Bug 1099730

Summary: Add CLI operation to restart HornetQ server without restarting JBoss server instance
Product: [JBoss] JBoss Enterprise Application Platform 6 Reporter: Masafumi Miura <mmiura>
Component: HornetQAssignee: Clebert Suconic <csuconic>
Status: CLOSED WONTFIX QA Contact: Miroslav Novak <mnovak>
Severity: high Docs Contact: Russell Dickenson <rdickens>
Priority: urgent    
Version: 6.2.2CC: ataylor, bbaranow, brian.stansberry, cdewolf, csuconic, dandread, jawilson, jbertram, jmesnil, kkhan, msvehla, myarboro, rsvoboda
Target Milestone: ---Keywords: Reopened
Target Release: EAP 6.4.0   
Hardware: Unspecified   
OS: Unspecified   
Whiteboard:
Fixed In Version: Doc Type: Bug Fix
Doc Text:
Story Points: ---
Clone Of: Environment:
Last Closed: 2015-01-27 12:20:50 UTC Type: Bug
Regression: --- Mount Type: ---
Documentation: --- CRM:
Verified Versions: Category: ---
oVirt Team: --- RHEL 7.3 requirements from Atomic Host:
Cloudforms Team: --- Target Upstream Version:
Embargoed:

Description Masafumi Miura 2014-05-21 05:07:46 UTC
Description of problem:

At this moment we're forced to reset EAP 6 with HQ backup after failback so failover can happen again.

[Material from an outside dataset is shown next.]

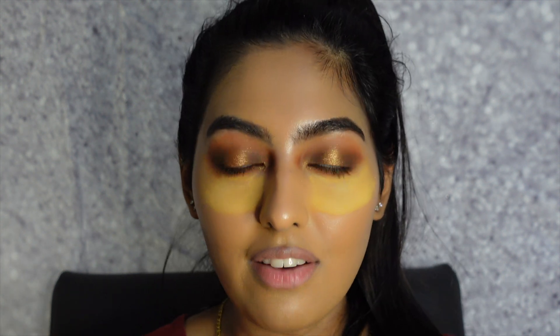And that is the eye look — I absolutely love these colors so much. It was so easy to blend and there was no fallout. I'm just going to do my liner and apply lashes and I will be right back. And that is the final look, guys.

However, we do not have CLI operation to restart HornetQ server only, so we have to restart JBoss server instance. But, when HornetQ is configured as co-located live-backup, hornetq live server have to be restarted in conjunction with hornetq backup server. This will be a problem.

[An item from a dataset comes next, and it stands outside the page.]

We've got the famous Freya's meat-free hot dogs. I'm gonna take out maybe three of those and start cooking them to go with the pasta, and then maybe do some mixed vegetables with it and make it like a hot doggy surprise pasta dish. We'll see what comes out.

Please add CLI operation to restart HornetQ server without restarting JBoss server instance.

Similar issue was discussed in BZ#1013536. The BZ added "max-saved-replicated-journal-size" option only but it did not add CLI operation to restart hornetq server only.

Comment 1 Miroslav Novak 2014-05-22 08:12:48 UTC
Setting severity "high" as there is customer waiting for this.

Comment 2 Clebert Suconic 2014-05-29 22:28:08 UTC
@Jeff: we have the stop/start method on the Server. but he's saying it's not part of the CLI. Can you make sure it's possible to include it?

Comment 3 Clebert Suconic 2014-05-29 22:28:30 UTC
as a workaround the customer can use JMX for this oepration. The stop/start is exposed there.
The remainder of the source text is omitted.